-- INSTRUCTIONS FOR THE TASK --
Below is a set of records. Repeat them verbatim without the pictures.

[DATASET ENTRIES]

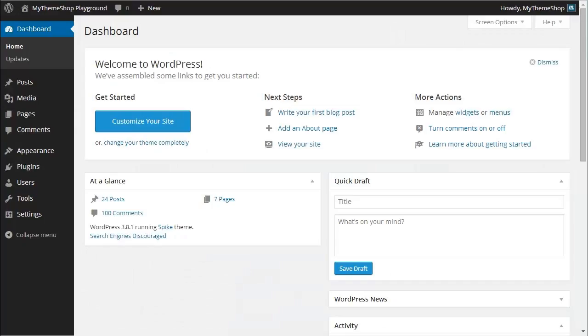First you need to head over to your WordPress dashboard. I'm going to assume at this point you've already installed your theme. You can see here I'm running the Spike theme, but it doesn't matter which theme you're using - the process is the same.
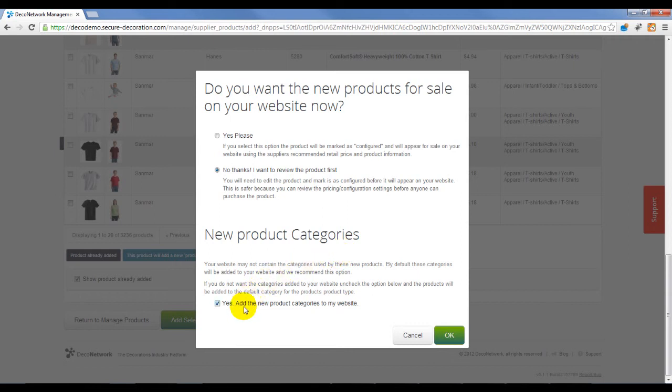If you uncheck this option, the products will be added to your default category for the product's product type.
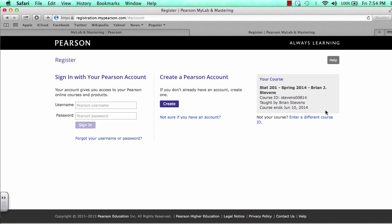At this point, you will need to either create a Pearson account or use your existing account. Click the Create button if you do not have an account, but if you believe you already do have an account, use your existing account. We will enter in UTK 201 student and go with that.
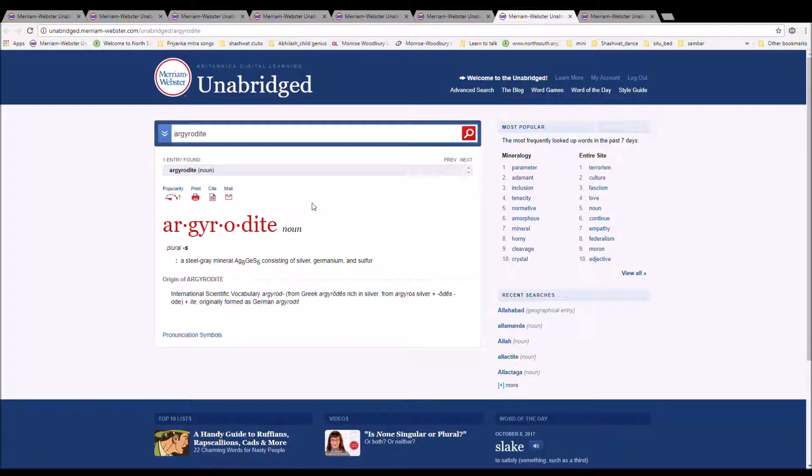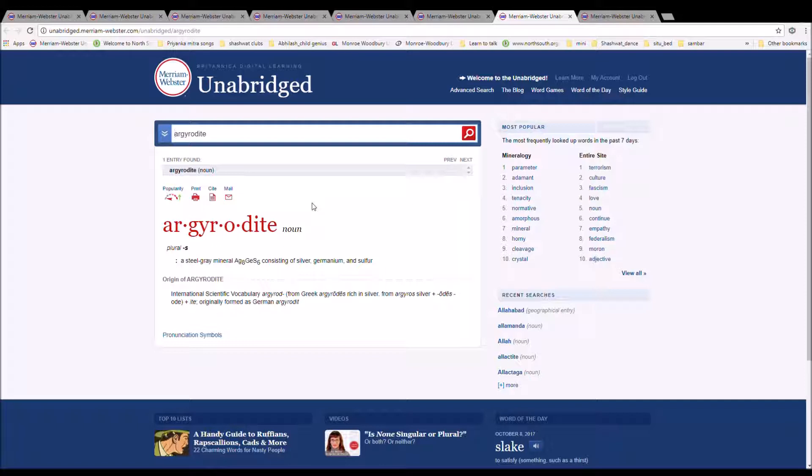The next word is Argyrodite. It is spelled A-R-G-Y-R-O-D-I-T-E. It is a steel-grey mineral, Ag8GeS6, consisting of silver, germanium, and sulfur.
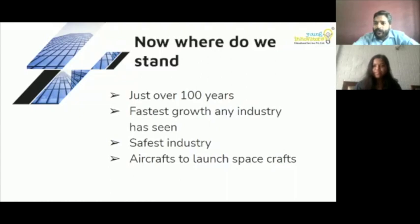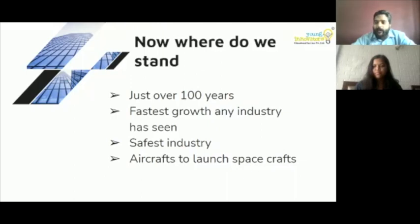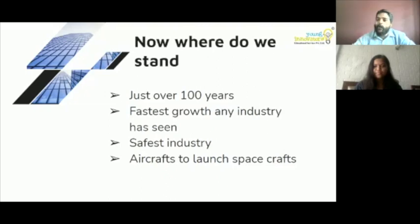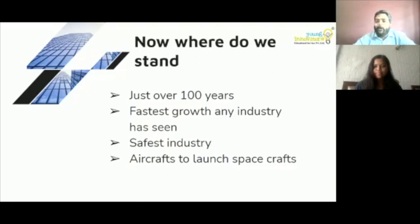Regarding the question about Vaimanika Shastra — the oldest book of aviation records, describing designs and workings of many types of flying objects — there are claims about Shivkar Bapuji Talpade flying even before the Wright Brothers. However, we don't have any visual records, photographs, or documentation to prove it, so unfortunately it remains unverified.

[/DATASET ENTRIES]

-- RESPONSE TO THE EXERCISE --
First you need to head over to your WordPress dashboard. I'm going to assume at this point you've already installed your theme. You can see here I'm running the Spike theme, but it doesn't matter which theme you're using - the process is the same.
If you uncheck this option, the products will be added to your default category for the product's product type.
At this point, you will need to either create a Pearson account or use your existing account. Click the Create button if you do not have an account, but if you believe you already do have an account, use your existing account. We will enter in UTK 201 student and go with that.
The next word is Argyrodite. It is spelled A-R-G-Y-R-O-D-I-T-E. It is a steel-grey mineral, Ag8GeS6, consisting of silver, germanium, and sulfur.
Regarding the question about Vaimanika Shastra — the oldest book of aviation records, describing designs and workings of many types of flying objects — there are claims about Shivkar Bapuji Talpade flying even before the Wright Brothers. However, we don't have any visual records, photographs, or documentation to prove it, so unfortunately it remains unverified.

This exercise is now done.